Exercise
Every record below must come back exactly as written, with the images dropped.

Items from a dataset
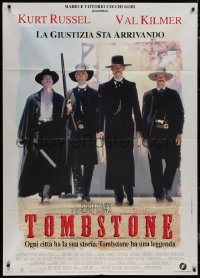 9b1232 TOMBSTONE Italian 1p 1994 Kurt Russell as Wyatt Earp, Val Kilmer as Doc Holliday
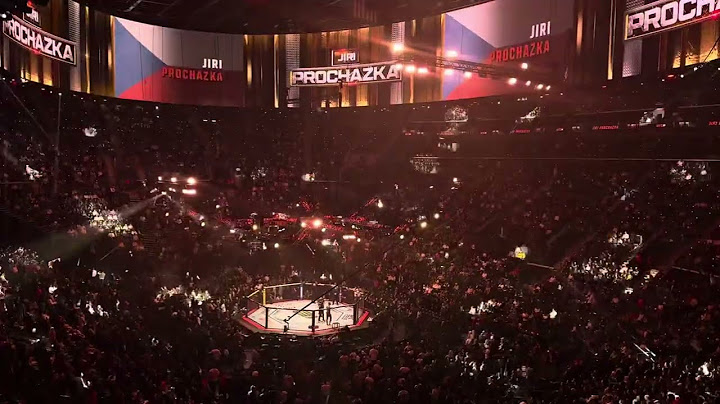 Jiří Procházka vs Jamahal Hill Walkouts + Introductions | UFC 311 Intuit Dome in Los Angeles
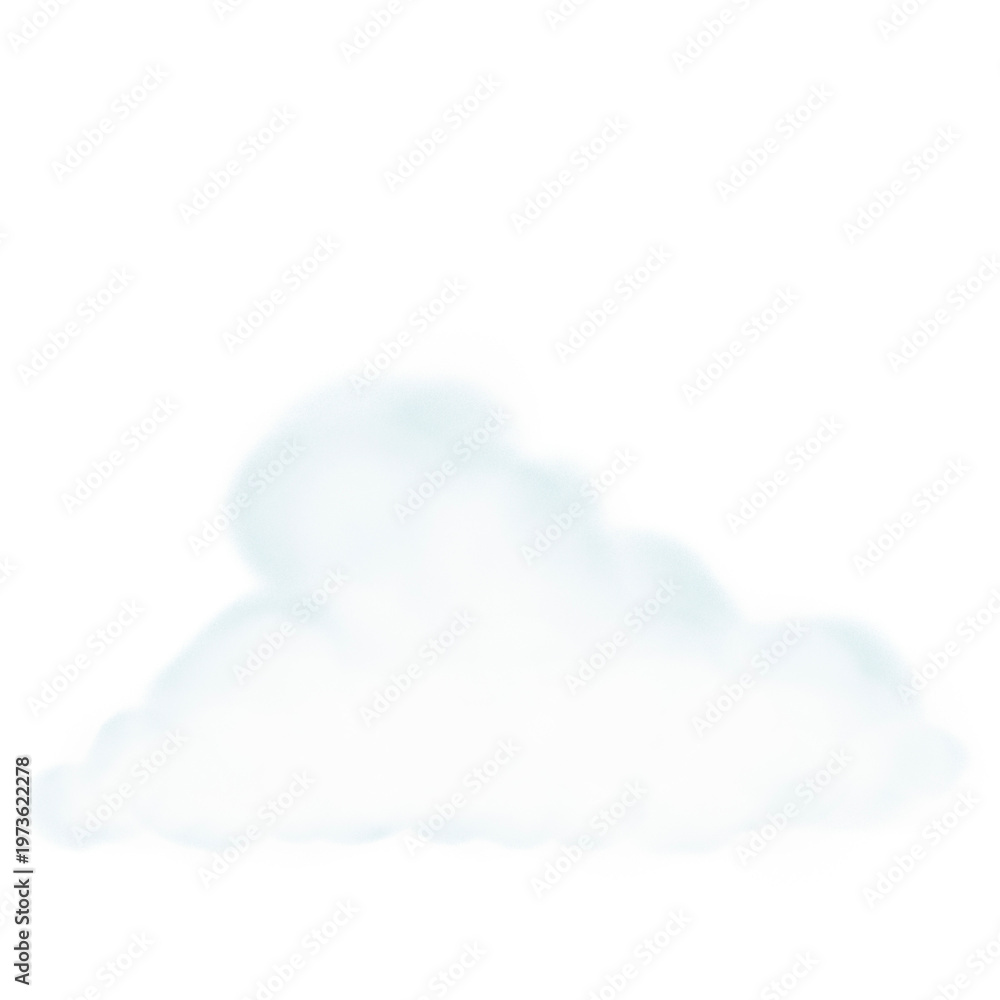 Fototapeta premium Hand drawn watercolor cloud illustration isolated on white background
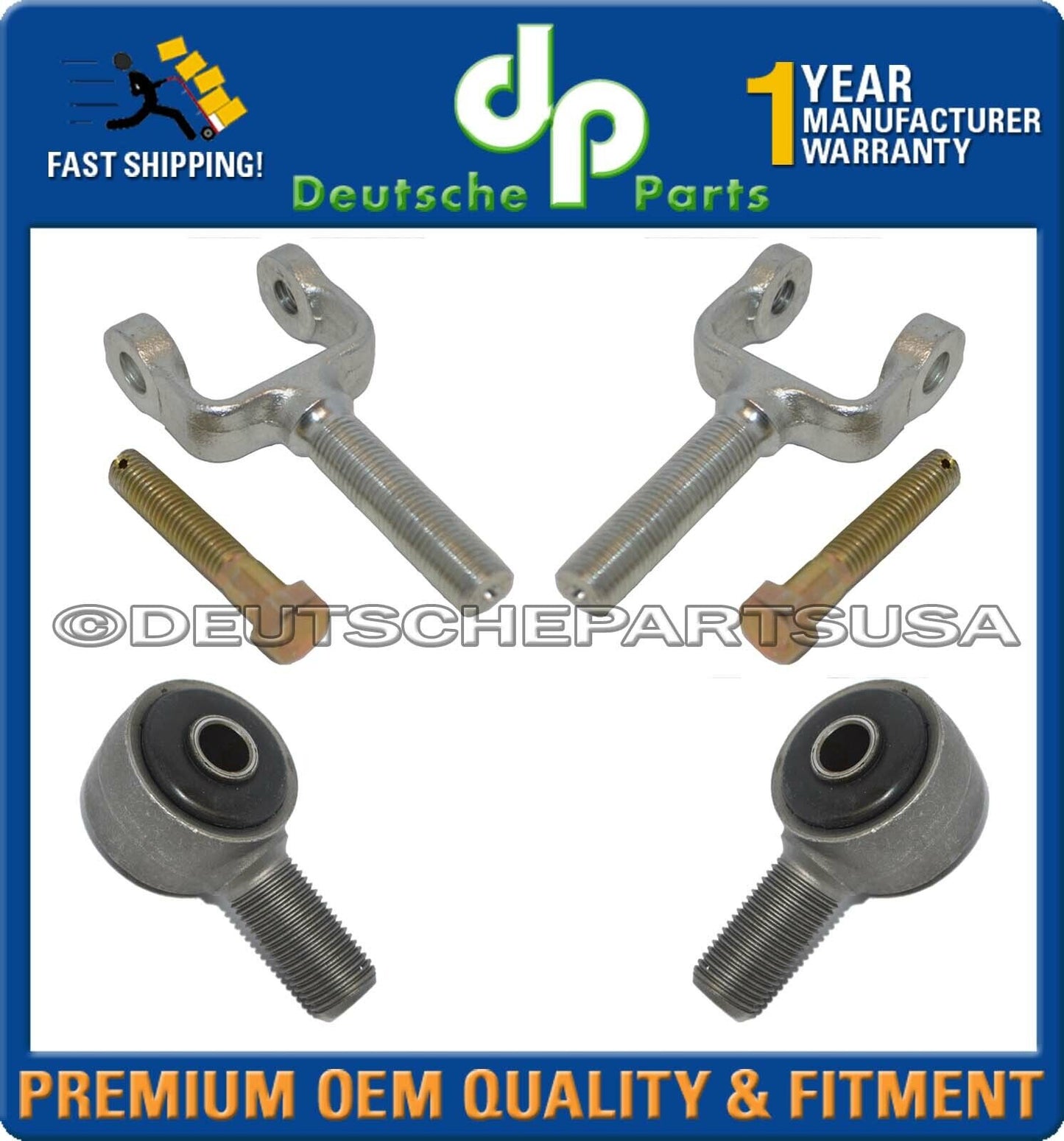 Porsche 911 912 914 Steering Tie Rod Ends Forks Bolts Front LH + RH Set of 6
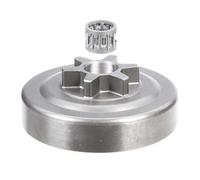 Pignon pour tronçonneuse Husqvarna, Dolmar, Jonsered, Partner 3/8""LP. 6 dents. Hauteur cloche 13,8 mm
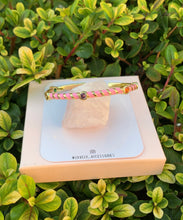 Load image into Gallery viewer, Pink Enamel Cuff Bracelet
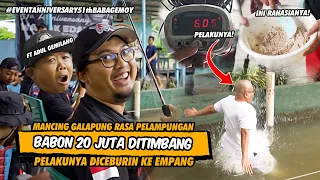 EDAN😱! BANG ADUL DITANTANG NARIK 200 EKOR IKAN MAS DI GALAPUNG BASS FISHING! SPECTRE MANYALA BRODI🔥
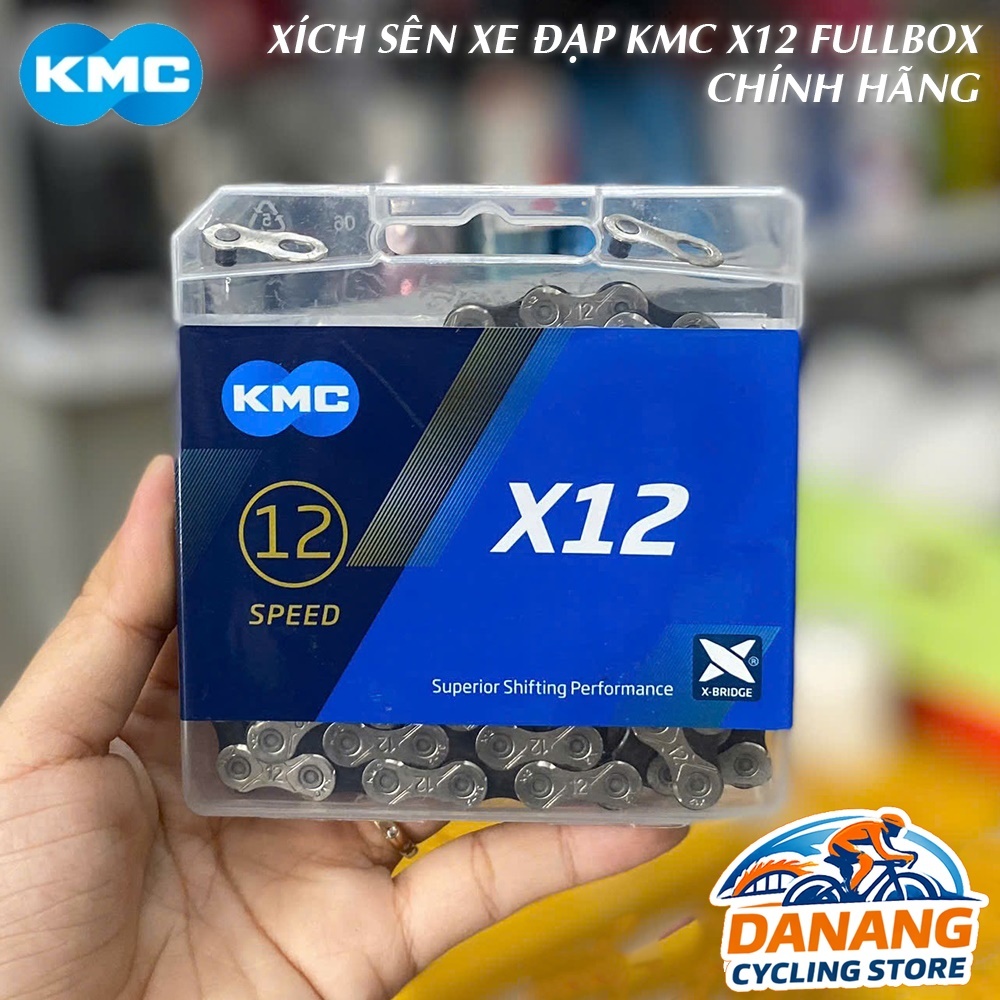 Xích Sên Xe Đạp KMC X12 12 Tốc Độ – FullBox Chính Hãng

Solution for this exercise
 9b1232 TOMBSTONE Italian 1p 1994 Kurt Russell as Wyatt Earp, Val Kilmer as Doc Holliday
 Jiří Procházka vs Jamahal Hill Walkouts + Introductions | UFC 311 Intuit Dome in Los Angeles
 Fototapeta premium Hand drawn watercolor cloud illustration isolated on white background
 Porsche 911 912 914 Steering Tie Rod Ends Forks Bolts Front LH + RH Set of 6
 Pignon pour tronçonneuse Husqvarna, Dolmar, Jonsered, Partner 3/8""LP. 6 dents. Hauteur cloche 13,8 mm
 Load image into Gallery viewer, Pink Enamel Cuff Bracelet
 EDAN😱! BANG ADUL DITANTANG NARIK 200 EKOR IKAN MAS DI GALAPUNG BASS FISHING! SPECTRE MANYALA BRODI🔥
 Xích Sên Xe Đạp KMC X12 12 Tốc Độ – FullBox Chính Hãng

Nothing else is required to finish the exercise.